This was originally supposed to be a response to *this* – a synopsis by one Ms. Brigitte Dale regarding an article discussing the growing trend of guys taking ever longer to “grow up”
….Honestly though, this whole thing as a societal phenomenon is pretty interesting. It’s easy on the one hand to simply dismiss it as the inevitable negative outcome of widespread wealth and entitlement and a superficial media culture, and it’s entirely possible that that would make up the bulk of the correct analysis.
It is also possible, however that there is more to it than that. In the animal kingdom, generally the longer it takes for an animal to reach adulthood, often the more complicated the the requirements are of integrating into that species’ social structure. i.e. the longer one spends learning how to be part of the group before taking their ultimate place in the herd, the better one’s chances of success are. Acquiring “adult” status in human society is tad bit more complex than in a herd of elephants or a troop of monkeys but the benefits of spending more time in a formative state of flux are likely similar. In our parent’s time, and even more so their parent’s time, “Growing up” was a necessity. If you weren’t reasonably successful then you were either out on the streets or a step above that in some soul-crushing factory type job. There certainly weren’t student loans and forgiving parents and government assistance to make your twenties easy and fun. Pretty much finding a corporate ladder and climbing it as soon as possible was the only way to vastly improve your standard of living beyond a few steps away from poverty. Now though it’s easy to get away with not starting a career until late in your twenties, and maybe it’s even a good thing to do so. Presumably we all have inherent talents as well as inherent desires regarding what we would be satisfied having achieved with our lives. If you can spend ten years or so kicking the tires o’ life, maybe you end up with a much clearer picture of who you are and what you want than if you just dove in right away with whatever career and family were readily available and just buckled in for the long haul.

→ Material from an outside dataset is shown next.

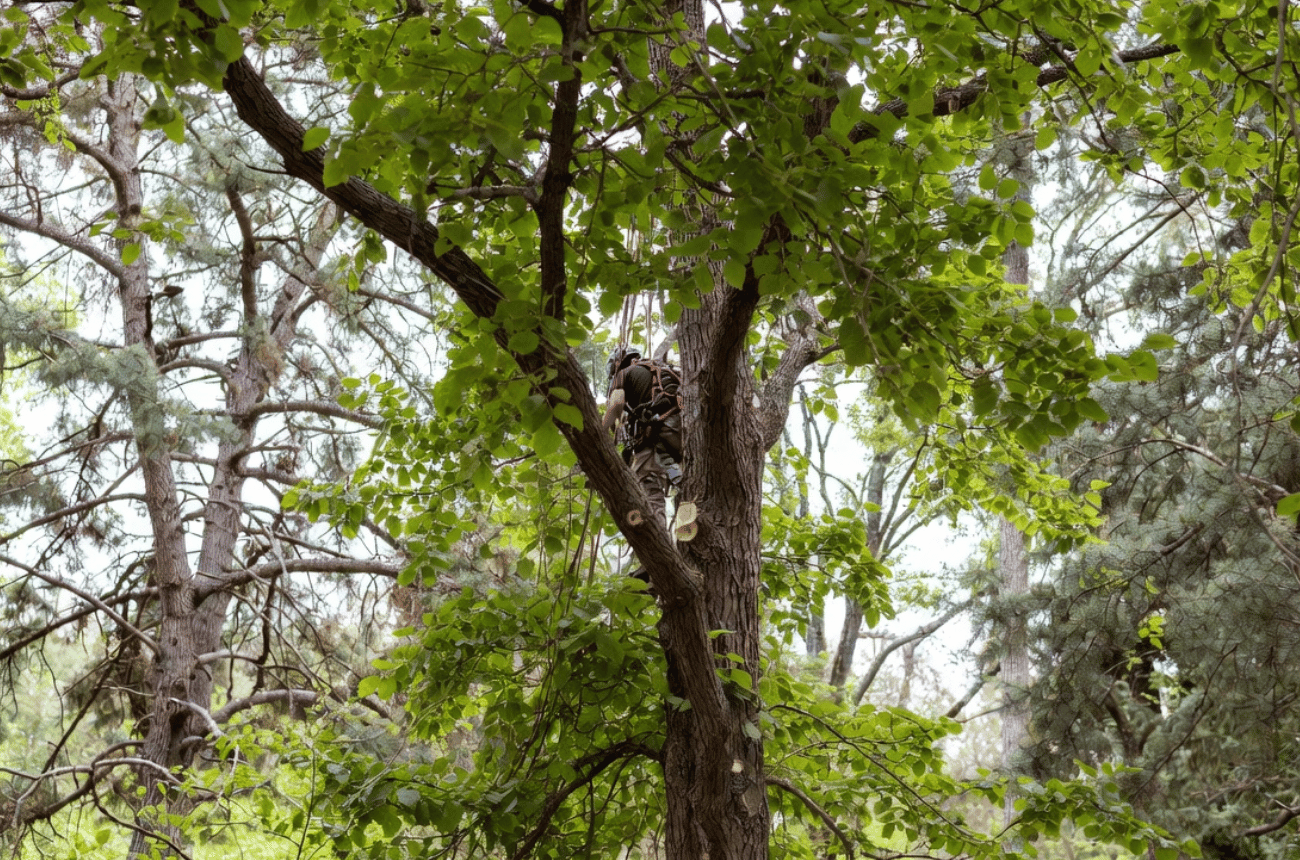 Tree Canopy Structural Care in Eugene, OR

On second thought, maybe this whole thing is entirely women’s fault. (everything else is….amirite? anybody? high-five?anybody?) Before the pill, if people wanted to do what people always have done and always will do, which is engage in significant and insignificant sexual relationships, they would inevitably have to deal with what was always the outcome of such doings – babies. Once there was a baby involved, barring total assholery by the male (or occasionally the female), the outcome is pretty much instant adulthood. Job, wife and kids. As this was the norm, the culture grew up around it and shunned bachelors largely as aberrations. Now that people can have relationships without making lifelong commitments, once the exuberance of the initial discovery passed in the “hey let’s have sex with everybody” 60’s, a general pattern and culture of extended adolescence seemed to grow and solidify eventually building to what it is today. But who’s to say that that is necessarily a bad thing? In the absence of biological necessity, the late twenties might just be the more natural and appropriate time to stop gathering the pieces and to finally put yourself together in the role of an “adult”.